Physical activities – walking, fitness and ballroom dancing - were offered over a six month period (April-September 2007). Sixty-minute classes were offered three times a week, in the morning, at the Physical Activities Stand, in a program called Mexa-se (Move your Body). Each class was divided into three stages: warm-up (10 minutes); the class itself (45 minutes); and stretching and relaxation exercises performed to background music, in the last phase (05 minutes). Twenty-five sedentary individuals took part in this study: n=09 men (ages 34 to 50) and n=16 women (ages 31 to 51). This study aims to verify the effects of the program on the following cardiac cycle events: Systolic Blood Pressure (SBP), Diastolic Blood Pressure (DBP) and heart rate (HR).
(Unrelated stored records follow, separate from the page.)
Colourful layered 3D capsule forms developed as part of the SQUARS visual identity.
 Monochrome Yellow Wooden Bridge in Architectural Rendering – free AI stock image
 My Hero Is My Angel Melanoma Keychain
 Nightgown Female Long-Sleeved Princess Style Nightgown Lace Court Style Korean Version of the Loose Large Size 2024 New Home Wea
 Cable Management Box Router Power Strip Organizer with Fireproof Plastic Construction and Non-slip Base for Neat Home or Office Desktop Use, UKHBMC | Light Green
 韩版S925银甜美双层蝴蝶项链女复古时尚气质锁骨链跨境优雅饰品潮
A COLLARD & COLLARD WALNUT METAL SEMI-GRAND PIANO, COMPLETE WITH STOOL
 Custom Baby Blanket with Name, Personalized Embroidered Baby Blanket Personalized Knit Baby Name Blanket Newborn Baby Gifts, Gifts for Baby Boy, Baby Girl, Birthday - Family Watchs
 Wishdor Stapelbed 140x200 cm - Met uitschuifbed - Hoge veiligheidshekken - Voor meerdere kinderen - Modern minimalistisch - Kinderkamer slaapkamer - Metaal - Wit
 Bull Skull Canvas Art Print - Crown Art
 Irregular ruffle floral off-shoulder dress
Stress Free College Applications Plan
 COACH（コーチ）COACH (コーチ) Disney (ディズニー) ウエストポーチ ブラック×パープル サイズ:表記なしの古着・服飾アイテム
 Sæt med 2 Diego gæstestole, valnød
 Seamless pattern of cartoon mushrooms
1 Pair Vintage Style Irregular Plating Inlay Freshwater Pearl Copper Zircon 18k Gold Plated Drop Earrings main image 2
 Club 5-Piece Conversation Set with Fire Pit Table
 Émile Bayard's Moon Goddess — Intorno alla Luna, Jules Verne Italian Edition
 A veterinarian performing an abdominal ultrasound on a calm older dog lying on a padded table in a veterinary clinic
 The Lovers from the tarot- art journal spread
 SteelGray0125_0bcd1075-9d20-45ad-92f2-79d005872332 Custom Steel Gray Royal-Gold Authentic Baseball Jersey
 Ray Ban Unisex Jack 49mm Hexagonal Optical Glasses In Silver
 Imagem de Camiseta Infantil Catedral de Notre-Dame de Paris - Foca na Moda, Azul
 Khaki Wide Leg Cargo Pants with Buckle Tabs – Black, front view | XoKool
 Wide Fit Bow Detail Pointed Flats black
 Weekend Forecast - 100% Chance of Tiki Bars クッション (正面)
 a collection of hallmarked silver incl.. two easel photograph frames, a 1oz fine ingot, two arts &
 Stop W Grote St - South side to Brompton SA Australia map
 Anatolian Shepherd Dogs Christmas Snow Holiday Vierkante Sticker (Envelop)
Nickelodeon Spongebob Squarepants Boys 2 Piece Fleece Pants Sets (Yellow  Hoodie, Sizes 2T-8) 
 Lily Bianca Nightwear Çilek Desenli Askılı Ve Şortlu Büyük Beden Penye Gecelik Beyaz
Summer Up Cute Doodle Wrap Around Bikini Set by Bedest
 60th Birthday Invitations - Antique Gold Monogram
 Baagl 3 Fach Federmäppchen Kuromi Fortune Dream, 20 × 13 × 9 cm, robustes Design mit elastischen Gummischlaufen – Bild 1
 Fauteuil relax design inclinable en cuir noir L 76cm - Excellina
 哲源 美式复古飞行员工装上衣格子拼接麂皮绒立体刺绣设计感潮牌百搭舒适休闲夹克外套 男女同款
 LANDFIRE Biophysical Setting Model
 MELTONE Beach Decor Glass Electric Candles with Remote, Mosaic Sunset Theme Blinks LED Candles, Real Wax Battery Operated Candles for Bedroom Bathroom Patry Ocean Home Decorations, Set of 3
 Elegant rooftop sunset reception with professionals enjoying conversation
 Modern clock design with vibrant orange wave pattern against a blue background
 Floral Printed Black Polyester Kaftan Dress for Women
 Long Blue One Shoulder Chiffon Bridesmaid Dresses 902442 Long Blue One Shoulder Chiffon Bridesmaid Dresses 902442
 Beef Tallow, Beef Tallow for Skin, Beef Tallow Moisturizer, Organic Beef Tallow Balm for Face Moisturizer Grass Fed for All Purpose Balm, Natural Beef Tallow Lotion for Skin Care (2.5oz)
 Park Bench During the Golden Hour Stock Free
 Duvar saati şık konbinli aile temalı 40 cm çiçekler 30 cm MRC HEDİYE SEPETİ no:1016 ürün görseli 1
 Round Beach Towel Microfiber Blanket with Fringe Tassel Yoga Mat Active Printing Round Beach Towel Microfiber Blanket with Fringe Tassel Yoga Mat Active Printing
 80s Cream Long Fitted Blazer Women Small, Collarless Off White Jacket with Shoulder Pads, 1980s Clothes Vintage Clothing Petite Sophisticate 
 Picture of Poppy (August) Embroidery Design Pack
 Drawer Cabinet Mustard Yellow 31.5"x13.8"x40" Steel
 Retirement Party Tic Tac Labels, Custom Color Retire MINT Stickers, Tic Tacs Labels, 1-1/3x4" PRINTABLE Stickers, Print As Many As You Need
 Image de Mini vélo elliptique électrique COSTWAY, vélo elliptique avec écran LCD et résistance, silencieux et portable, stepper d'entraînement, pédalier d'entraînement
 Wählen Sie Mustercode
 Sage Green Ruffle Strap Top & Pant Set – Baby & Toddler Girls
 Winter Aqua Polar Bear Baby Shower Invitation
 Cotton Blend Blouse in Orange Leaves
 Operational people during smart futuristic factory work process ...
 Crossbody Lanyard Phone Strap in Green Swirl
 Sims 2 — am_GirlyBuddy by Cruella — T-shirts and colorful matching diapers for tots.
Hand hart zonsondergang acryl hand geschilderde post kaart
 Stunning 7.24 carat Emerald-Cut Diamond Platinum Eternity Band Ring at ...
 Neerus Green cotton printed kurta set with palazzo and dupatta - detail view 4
The Naughton Protocol was applied and the individuals were evaluated and re-evaluated according to the aforesaid methodology. Heart rate, Systolic Blood Pressure and Diastolic Blood Pressure at rest and during post-exercise recovery were statistically analyzed t-test, with p>0.05 significance level. At rest: in both sexes, there was no significant difference between evaluation and re-evaluation heart rate; regarding SBP and DBP, only the men showed a significant difference between evaluation and re-evaluation values. At recovery: there was no difference between evaluation and re-evaluation heart rate in either group (men and women); SBP was different between evaluation and re-evaluation in both groups from the first minute up to the sixth minute; regarding DBP, there was no difference in the first minute, but from the second minute onward, both groups showed a difference between evaluation and re-evaluation values. It should also be noted that at evaluation, both groups completed the Protocol to the 4 th stage, and at re-evaluation, 37.5% of females and 33.3% of males completed the Protocol to the 5 th and 6 th stages. For statistical analysis, we only included up to the 4 th stage in the re-evaluation, which showed a significant difference for the male group but not for the female group. Through these results, we observed that the offered physical activity program was an efficient means to a cardiac cycle events.